• Exercise: Check each line of the listing for the word "Handmade" and report the ones that have it.

• Input:
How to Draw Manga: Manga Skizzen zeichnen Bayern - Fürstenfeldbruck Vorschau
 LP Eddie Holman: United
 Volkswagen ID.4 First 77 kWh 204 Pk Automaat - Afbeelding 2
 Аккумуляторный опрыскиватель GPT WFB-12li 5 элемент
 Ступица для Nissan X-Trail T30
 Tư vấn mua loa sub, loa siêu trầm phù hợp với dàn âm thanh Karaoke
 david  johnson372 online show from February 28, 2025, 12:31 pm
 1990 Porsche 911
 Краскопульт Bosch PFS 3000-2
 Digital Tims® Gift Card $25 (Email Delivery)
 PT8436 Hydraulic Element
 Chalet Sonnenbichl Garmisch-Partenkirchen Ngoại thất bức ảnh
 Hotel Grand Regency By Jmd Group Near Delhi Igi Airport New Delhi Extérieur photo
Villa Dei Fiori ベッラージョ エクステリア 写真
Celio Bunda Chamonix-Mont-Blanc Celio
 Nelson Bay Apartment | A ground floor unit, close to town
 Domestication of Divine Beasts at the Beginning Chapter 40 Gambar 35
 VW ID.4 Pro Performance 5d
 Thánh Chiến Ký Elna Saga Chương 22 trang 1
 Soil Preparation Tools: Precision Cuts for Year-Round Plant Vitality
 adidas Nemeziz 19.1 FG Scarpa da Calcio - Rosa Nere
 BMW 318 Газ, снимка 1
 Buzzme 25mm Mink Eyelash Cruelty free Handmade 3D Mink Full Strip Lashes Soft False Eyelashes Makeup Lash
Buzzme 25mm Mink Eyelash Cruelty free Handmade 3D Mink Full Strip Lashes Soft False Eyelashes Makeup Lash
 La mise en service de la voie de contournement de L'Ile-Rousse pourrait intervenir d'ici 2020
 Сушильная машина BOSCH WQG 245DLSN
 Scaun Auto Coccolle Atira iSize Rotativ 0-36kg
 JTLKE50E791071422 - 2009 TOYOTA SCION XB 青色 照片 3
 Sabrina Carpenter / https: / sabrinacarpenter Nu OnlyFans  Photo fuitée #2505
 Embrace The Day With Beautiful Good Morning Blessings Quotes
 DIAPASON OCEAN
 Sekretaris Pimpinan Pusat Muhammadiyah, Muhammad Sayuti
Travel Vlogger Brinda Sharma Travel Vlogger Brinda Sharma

• Problem solution:
 Buzzme 25mm Mink Eyelash Cruelty free Handmade 3D Mink Full Strip Lashes Soft False Eyelashes Makeup Lash
Buzzme 25mm Mink Eyelash Cruelty free Handmade 3D Mink Full Strip Lashes Soft False Eyelashes Makeup Lash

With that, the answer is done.